Reputation: 65
Hi i am new to hive i am using regexp_extract for getting substring from a string
my string is '/abc/def/ghi/'
how will get abc or def or ghi using regexp_extract function
Upvotes: 2
Views: 8532
Reputation: 1197
Below would be the query.
hive> select regexp_extract('/abc123./def456./ghi789/', '\/([\\w\\d.]*)\/([\\w\\d.]*)\/([\\w\\d.]*)',1);
OK
abc123.
Time taken: 0.103 seconds, Fetched: 1 row(s)
hive> select regexp_extract('/abc123./def456./ghi789/', '\/([\\w\\d.]*)\/([\\w\\d.]*)\/([\\w\\d.]*)',2);
OK
def456.
Time taken: 0.1 seconds, Fetched: 1 row(s)
hive> select regexp_extract('/abc123./def456./ghi789/', '\/([\\w\\d.]*)\/([\\w\\d.]*)\/([\\w\\d.]*)',3);
OK
ghi789
Time taken: 0.124 seconds, Fetched: 1 row(s)
Upvotes: 1
Reputation: 38290
Remove leading and trailing '/'
and use split()
to get an Array. split() is also using regexp:
hive> select split(regexp_replace('/abc/def/ghi/','^/|/$',''),'/')[0];
abc
hive> select split(regexp_replace('/abc/def/ghi/','^/|/$',''),'/')[1];
def
hive> select split(regexp_replace('/abc/def/ghi/','^/|/$',''),'/')[2];
ghi
Or in a subquery:
hive> select array[0], array[1], array[2]

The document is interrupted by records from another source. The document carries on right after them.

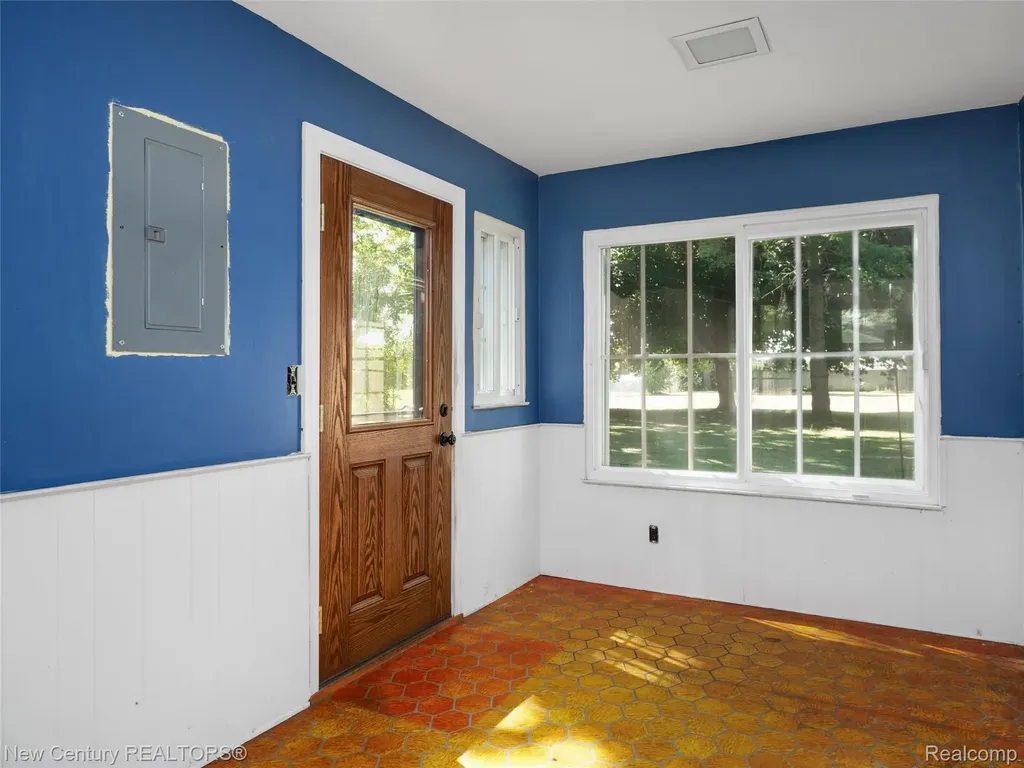 5933 Dwight Avenue Waterford Charter Township MI 48327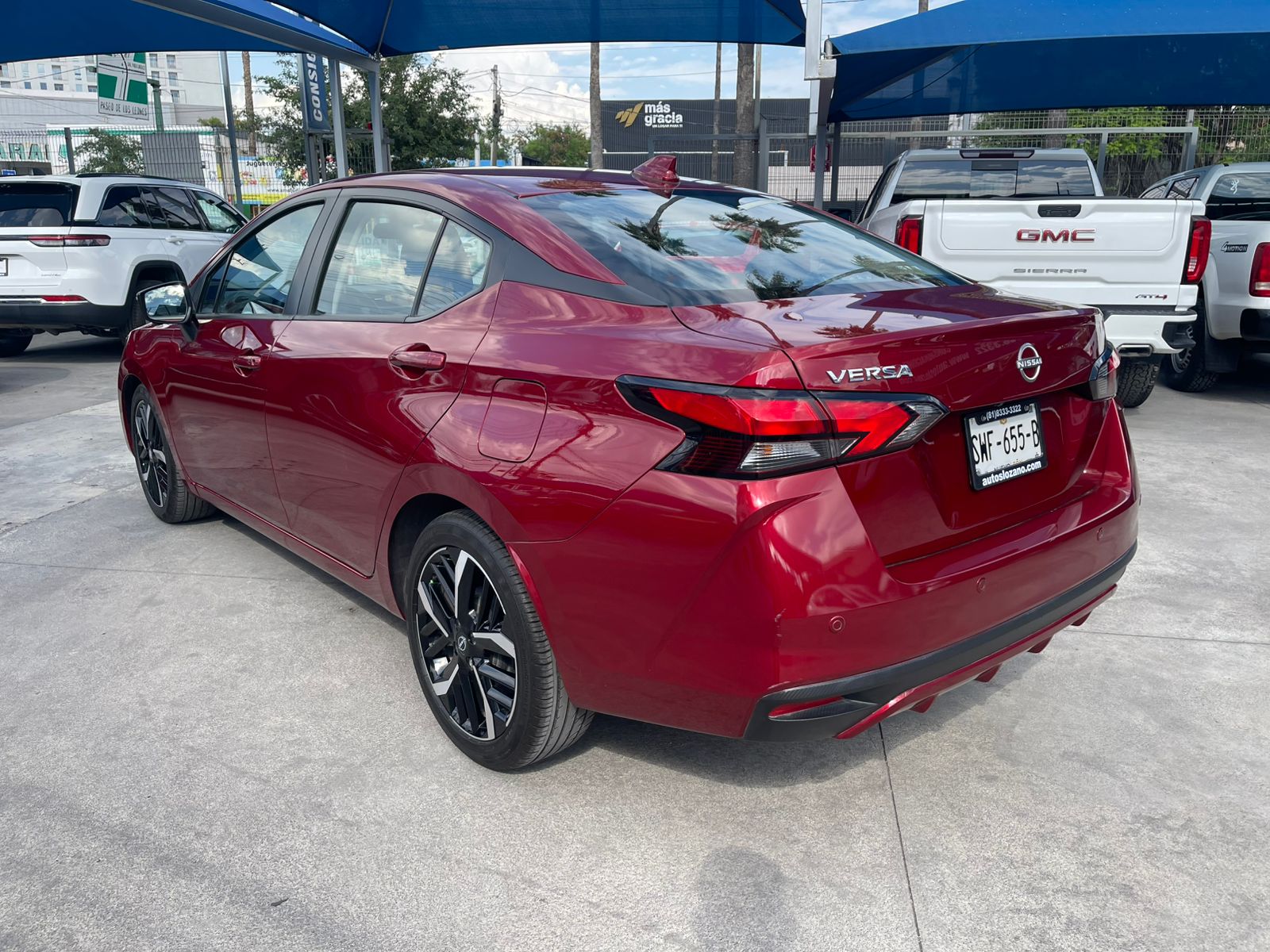 Nissan Versa Advance 2024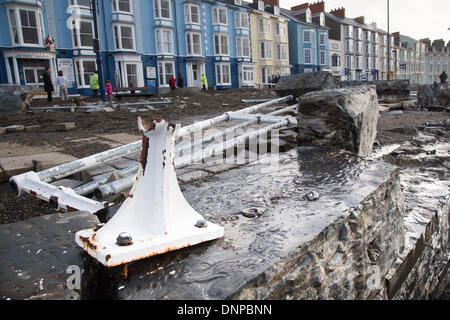 Aberystwyth, UK. 06Th Jan, 2014. Dommages sur le front d'Aberystwyth. Des vents forts et une marée de vagues à la pâte a causé la côte du Pays de Galles de l'ouest. La promenade à Aberystwyth a été fermé au public comme des vagues a déchiré sur la digue, briser les défenses de la mer et d'épandage de débris sur une vaste zone. La police et les gardes-côtes ont bouclé le nord et le sud promenades à marée haute, et un camion de pompiers s'est échoué. Credit : atgof.co/Alamy Live News Banque D'Images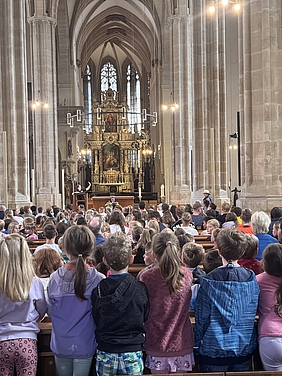 Viele Kinder im Dom
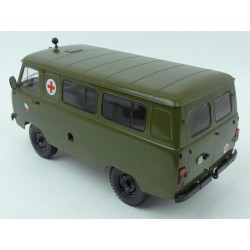 UAZ 452A Ambulance ČSLA (3962), Premium ClassiXXs 1:18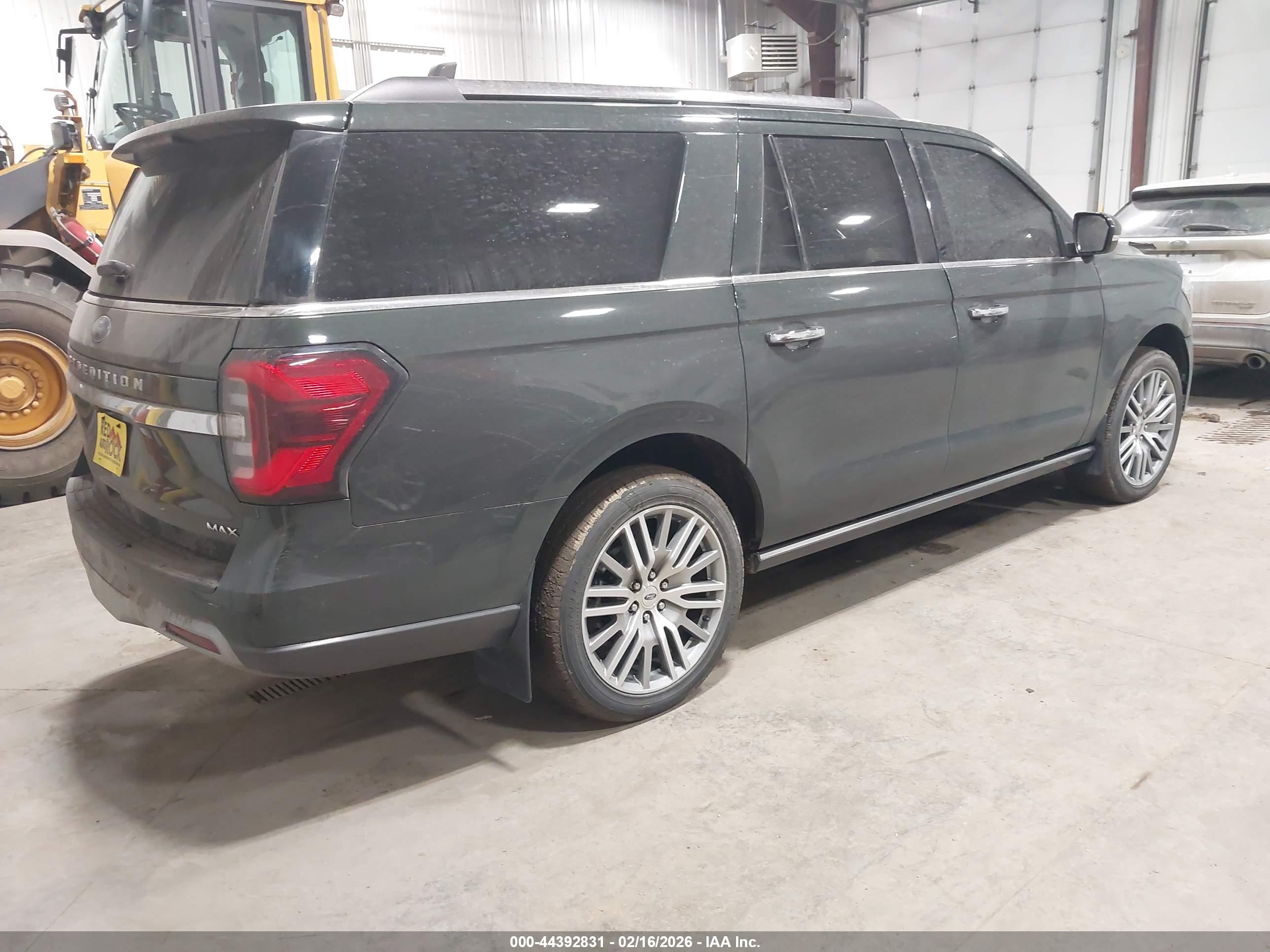 FORD EXPEDITION image 4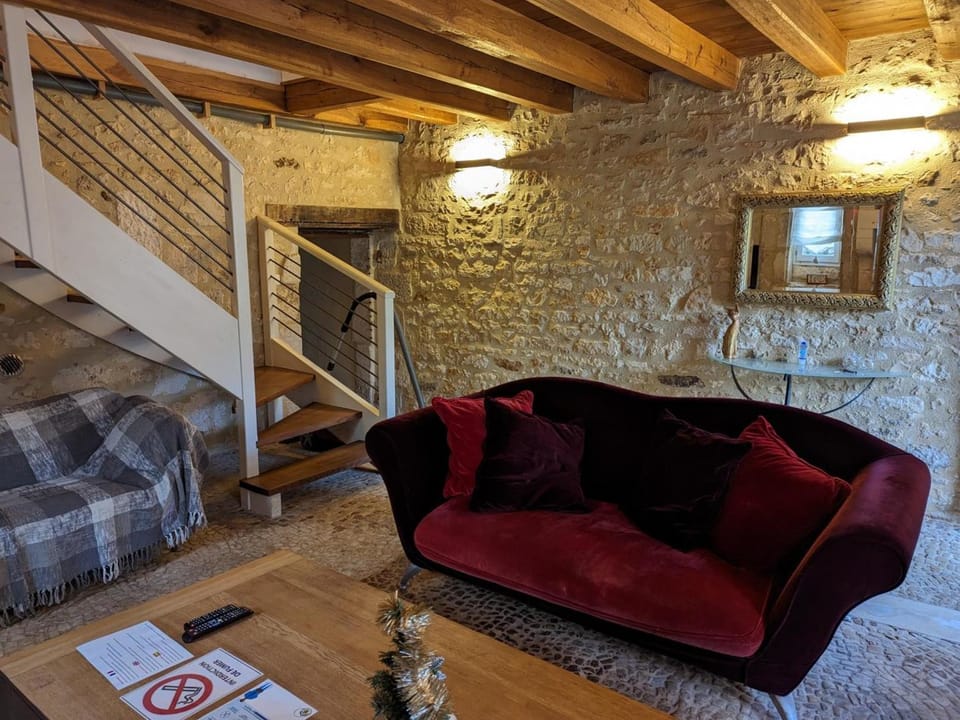 Gîte authentique avec cheminée, terrasse et WiFi en Charente - FR-1-653-119 House in Nouvelle-Aquitaine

from (select split(regexp_replace('/abc/def/ghi/','^/|/$',''),'/') as array) s;
OK
_c0 _c1 _c2
abc def ghi
Time taken: 0.192 seconds, Fetched: 1 row(s)
Upvotes: 3
Reputation: 520908
We can use regexp_extract
by providing a pattern with capture groups targeting what we want to match. Then, we can specify which group should serve as the replacement.
As an example, to find the content between the second and third path separators, we can try:
regexp_extract('/abc/def/ghi/', '/[^/]+/([^/]+).*', 1)
Note: The above is untested and may give error should it be necessary to escape the forward slashes. In that case, use the following:
regexp_extract('/abc/def/ghi/', '\/[^\/]+\/([^\/]+).*', 1)
Upvotes: 1